AIM OF THE EXERCISE
An exact, picture-free copy of the listing is required.

THE DATA
=== Section Start ===
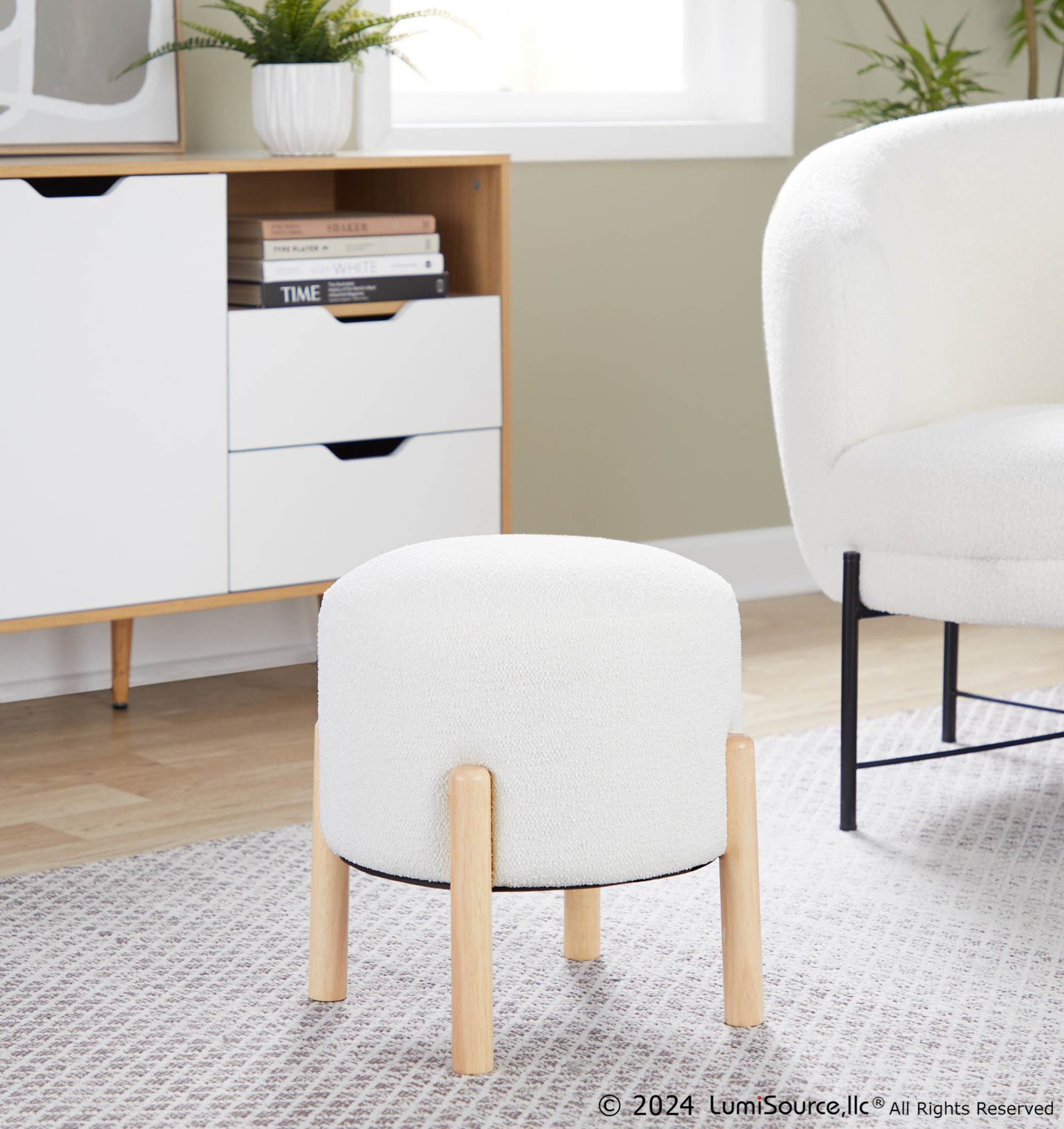 LumiSource Michelle 16-Inch Contemporary Cream Ottoman Natural Wood 2 LumiSource Michelle 16-Inch Contemporary Cream Ottoman Natural Wood - Image 2
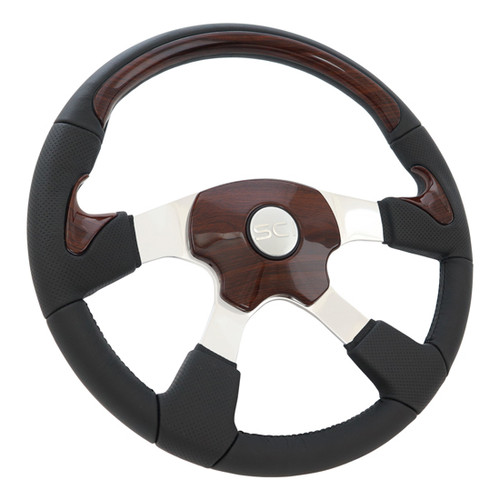 18 Inch Matte Mahogany Wood Steering Wheel With Mahogany Leather Spats W/ Aluminum 4- Spoke, Mahogany Pad and Silver Horn Button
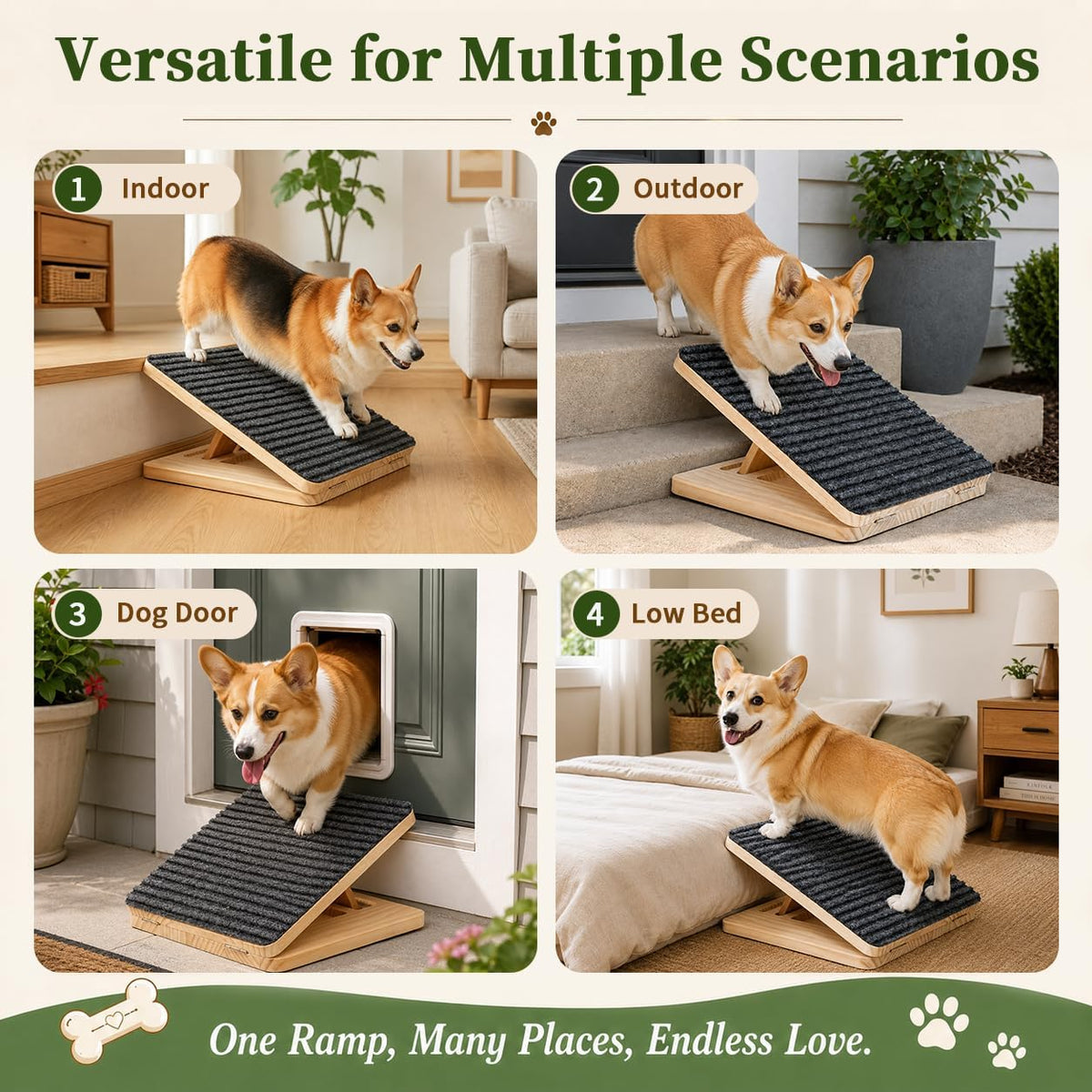 Dog Ramp for Stairs, Foldable Stair Wedges Assist for Small Dogs, 8 Pack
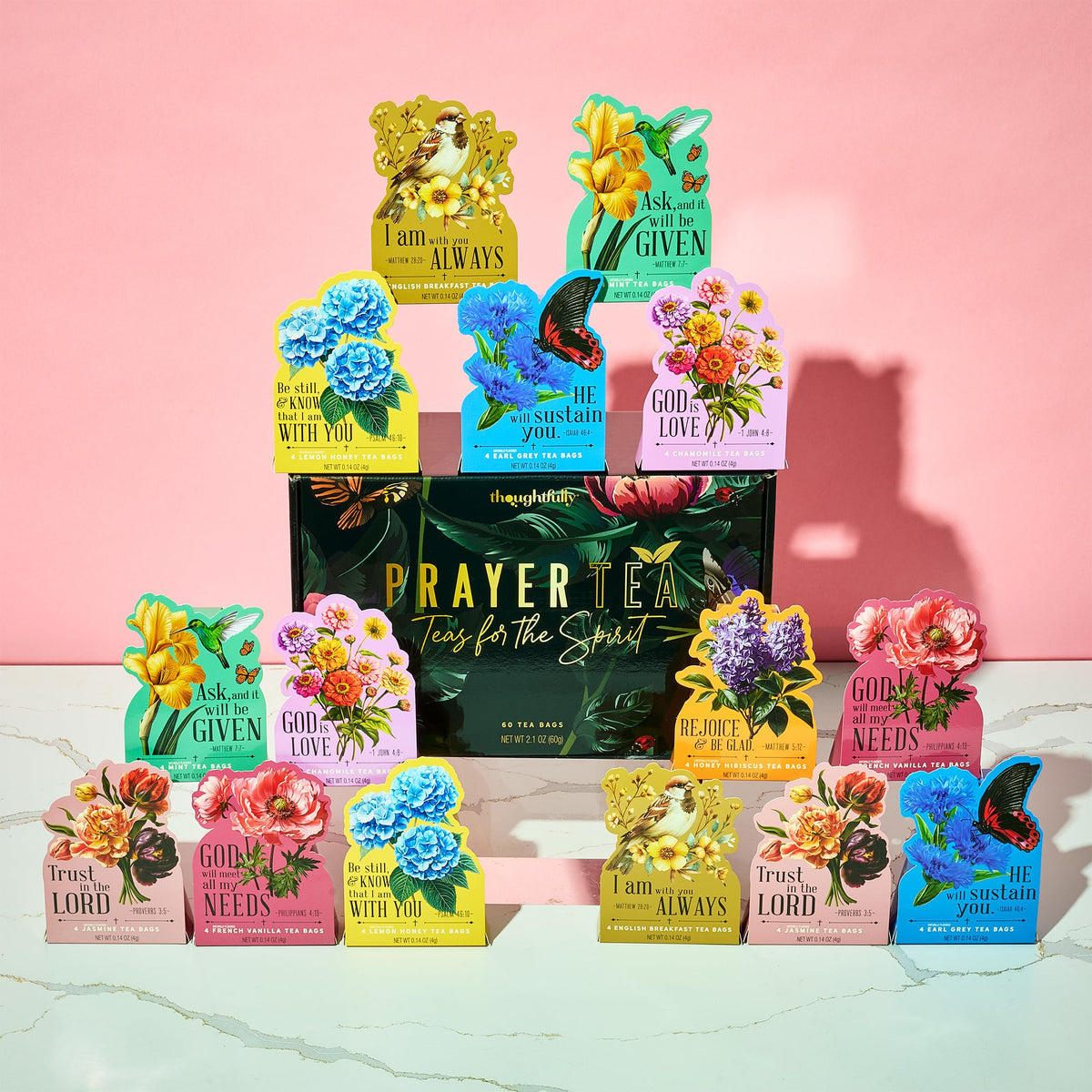 Thoughtfully Tea Affirmations Gift Set - 15 Floral Boxes with Bible Verses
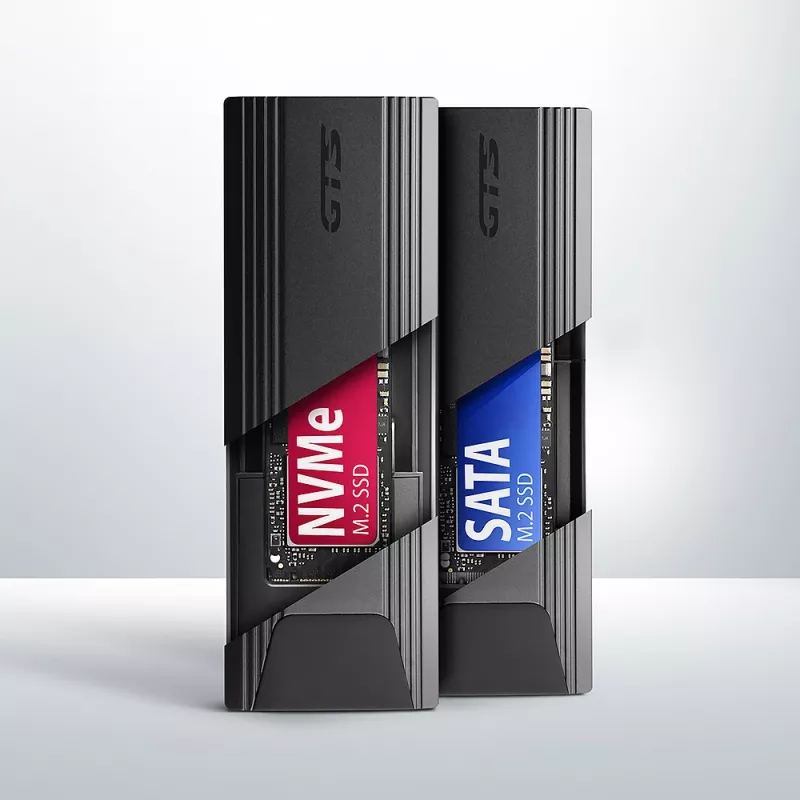 Axagon EEM2-GTS2 externé USB-C 10 Gbit/s kovové puzdro pre M.2 NVMe a SATA SSD disky. Bez skrutiek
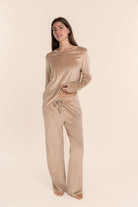 Gingerlilly Thea Velour Long Lounge Set - Beige - Front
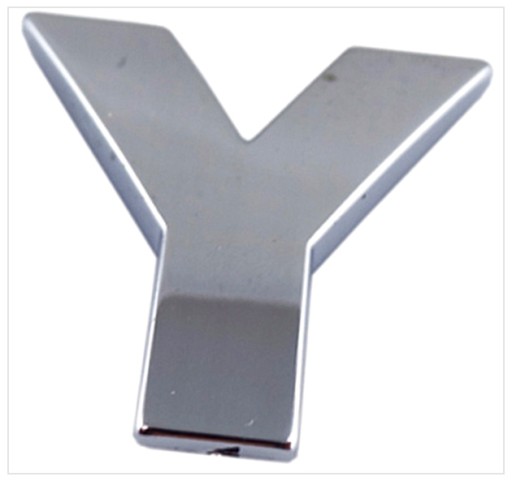 J2X01 ZNAK PÍSMENO CHROMOVANÉ PÍSMENO Y Y VEĽKÉ 5,6CM 49872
=== Section End ===
ANSWER TO THIS PROBLEM
 LumiSource Michelle 16-Inch Contemporary Cream Ottoman Natural Wood 2 LumiSource Michelle 16-Inch Contemporary Cream Ottoman Natural Wood - Image 2
 18 Inch Matte Mahogany Wood Steering Wheel With Mahogany Leather Spats W/ Aluminum 4- Spoke, Mahogany Pad and Silver Horn Button
 Dog Ramp for Stairs, Foldable Stair Wedges Assist for Small Dogs, 8 Pack
 Thoughtfully Tea Affirmations Gift Set - 15 Floral Boxes with Bible Verses
 Axagon EEM2-GTS2 externé USB-C 10 Gbit/s kovové puzdro pre M.2 NVMe a SATA SSD disky. Bez skrutiek
 Gingerlilly Thea Velour Long Lounge Set - Beige - Front
 J2X01 ZNAK PÍSMENO CHROMOVANÉ PÍSMENO Y Y VEĽKÉ 5,6CM 49872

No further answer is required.